Inoltre il momento del pasto è sempre inserito all’interno di una relazione, ed è importante evitare che il cibo si trasformi in uno strumento di potere del genitore. Si sconsiglia quindi di intimidire il bambino con frasi punitive come: “Se non finisci la pasta niente giochi” oppure ricatti emotivi del tipo: “La mamma piange se tu non mangi”,Sei un bambino cattivo perché non mangi e fai arrabbiare mamma e papà”.

È utile invece provare a coinvolgere una terza persona, rendendo partecipi i padri o altre persone della famiglia, le quali possono introdurre modalità e dinamiche relazionali diverse. Questo accorgimento permette sia di sollevare le mamme dall’avere tutta la responsabilità dell’alimentazione del proprio figlio, ma anche di valorizzare il pasto come momento piacevole di socialità, in cui ci si siede tutti insieme e si rispettano le regole della tavola.

Un altro suggerimento che ci arriva dalle ricerche è di eliminare la pressione a mangiare, passando da affermazioni come “Assaggialo e se non ti piace non devi mangiarlo”, che però i bambini selettivi percepiscono come: “Se ti piace, lo devi mangiare” a una proposta come: “Assaggia questo pezzetto minuscolo e dimmi cosa ne pensi”.

L’ultimo consiglio dei ricercatori è di concentrare i propri sforzi sull’educazione alimentare più che sul mangiare; esplorare il cibo è più semplice quando non è connesso all’alimentazione e può stimolare la loro curiosità.

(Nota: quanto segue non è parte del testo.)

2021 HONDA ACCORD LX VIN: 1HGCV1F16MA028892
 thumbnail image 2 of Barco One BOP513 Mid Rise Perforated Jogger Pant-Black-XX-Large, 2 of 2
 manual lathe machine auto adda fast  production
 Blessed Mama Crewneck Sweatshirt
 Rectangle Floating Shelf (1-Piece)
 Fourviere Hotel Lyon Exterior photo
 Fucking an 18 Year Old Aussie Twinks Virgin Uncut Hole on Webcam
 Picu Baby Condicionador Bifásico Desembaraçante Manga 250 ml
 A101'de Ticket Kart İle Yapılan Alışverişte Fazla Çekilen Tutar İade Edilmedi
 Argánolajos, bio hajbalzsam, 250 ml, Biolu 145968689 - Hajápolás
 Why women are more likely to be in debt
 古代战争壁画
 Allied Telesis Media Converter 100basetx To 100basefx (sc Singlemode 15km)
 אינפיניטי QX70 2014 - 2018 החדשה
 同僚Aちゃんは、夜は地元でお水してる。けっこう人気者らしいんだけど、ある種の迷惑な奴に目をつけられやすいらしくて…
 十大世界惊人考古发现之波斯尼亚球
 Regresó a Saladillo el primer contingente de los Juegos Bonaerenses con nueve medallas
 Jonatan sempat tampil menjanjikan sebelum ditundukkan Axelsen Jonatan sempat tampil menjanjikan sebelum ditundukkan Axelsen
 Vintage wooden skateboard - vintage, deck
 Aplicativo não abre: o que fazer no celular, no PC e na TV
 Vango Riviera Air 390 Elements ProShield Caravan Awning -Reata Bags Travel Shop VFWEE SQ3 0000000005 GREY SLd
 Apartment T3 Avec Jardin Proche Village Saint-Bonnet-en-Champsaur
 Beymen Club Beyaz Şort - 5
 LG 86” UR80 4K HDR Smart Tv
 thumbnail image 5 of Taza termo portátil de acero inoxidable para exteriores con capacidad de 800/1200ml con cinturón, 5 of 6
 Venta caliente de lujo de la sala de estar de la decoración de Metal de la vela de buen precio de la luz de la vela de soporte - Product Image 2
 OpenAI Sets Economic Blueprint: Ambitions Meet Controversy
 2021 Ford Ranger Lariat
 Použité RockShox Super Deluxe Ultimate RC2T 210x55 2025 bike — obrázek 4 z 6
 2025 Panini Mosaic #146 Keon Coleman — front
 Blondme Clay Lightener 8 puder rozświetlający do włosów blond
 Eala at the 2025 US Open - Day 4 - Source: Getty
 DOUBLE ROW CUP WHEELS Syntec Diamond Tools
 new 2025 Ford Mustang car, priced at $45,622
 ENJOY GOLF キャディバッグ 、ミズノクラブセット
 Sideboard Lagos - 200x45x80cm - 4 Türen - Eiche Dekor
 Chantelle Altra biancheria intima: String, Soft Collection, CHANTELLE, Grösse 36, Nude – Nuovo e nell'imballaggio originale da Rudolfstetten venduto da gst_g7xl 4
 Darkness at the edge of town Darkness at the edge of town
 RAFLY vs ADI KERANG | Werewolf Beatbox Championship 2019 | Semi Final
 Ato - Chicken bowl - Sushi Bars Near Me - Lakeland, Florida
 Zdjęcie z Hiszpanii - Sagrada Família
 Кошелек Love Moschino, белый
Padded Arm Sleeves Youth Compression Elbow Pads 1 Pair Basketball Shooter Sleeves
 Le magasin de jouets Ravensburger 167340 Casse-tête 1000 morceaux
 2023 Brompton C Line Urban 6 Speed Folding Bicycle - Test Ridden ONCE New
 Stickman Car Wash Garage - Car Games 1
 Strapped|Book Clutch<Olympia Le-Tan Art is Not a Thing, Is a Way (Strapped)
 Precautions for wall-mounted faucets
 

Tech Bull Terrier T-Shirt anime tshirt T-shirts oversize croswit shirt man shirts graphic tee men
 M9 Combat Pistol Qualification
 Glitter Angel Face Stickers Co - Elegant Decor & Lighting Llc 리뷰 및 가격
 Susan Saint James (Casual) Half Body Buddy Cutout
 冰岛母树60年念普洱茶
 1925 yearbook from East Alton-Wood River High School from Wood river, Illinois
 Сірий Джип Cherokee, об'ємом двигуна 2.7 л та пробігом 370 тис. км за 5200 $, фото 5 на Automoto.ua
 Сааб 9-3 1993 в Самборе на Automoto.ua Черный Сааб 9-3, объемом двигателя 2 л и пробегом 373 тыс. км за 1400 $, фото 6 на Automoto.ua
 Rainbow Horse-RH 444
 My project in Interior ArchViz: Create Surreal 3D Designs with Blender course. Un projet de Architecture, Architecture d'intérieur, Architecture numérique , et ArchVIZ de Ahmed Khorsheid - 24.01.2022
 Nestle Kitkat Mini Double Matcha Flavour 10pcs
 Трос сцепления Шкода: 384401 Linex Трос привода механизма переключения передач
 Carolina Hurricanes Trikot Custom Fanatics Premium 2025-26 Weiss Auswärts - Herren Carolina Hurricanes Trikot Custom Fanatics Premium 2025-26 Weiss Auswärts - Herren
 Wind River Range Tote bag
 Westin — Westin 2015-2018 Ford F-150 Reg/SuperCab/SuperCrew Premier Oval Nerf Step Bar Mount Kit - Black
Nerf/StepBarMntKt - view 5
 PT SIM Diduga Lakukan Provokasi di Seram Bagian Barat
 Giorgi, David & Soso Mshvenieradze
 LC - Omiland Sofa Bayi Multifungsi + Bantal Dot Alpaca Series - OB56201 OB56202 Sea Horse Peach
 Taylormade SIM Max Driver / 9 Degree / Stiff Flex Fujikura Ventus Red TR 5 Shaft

Anche il cucinare insieme può essere utile; se l’obiettivo non è solo quello di far mangiare al bambino ciò che è stato preparato, può trasformarsi in un momento ludico, in cui il bambino prende maggiore confidenza con gli alimenti, soddisfa le esigenze affettive e si può creare un momento di serenità e divertimento legato al cibo.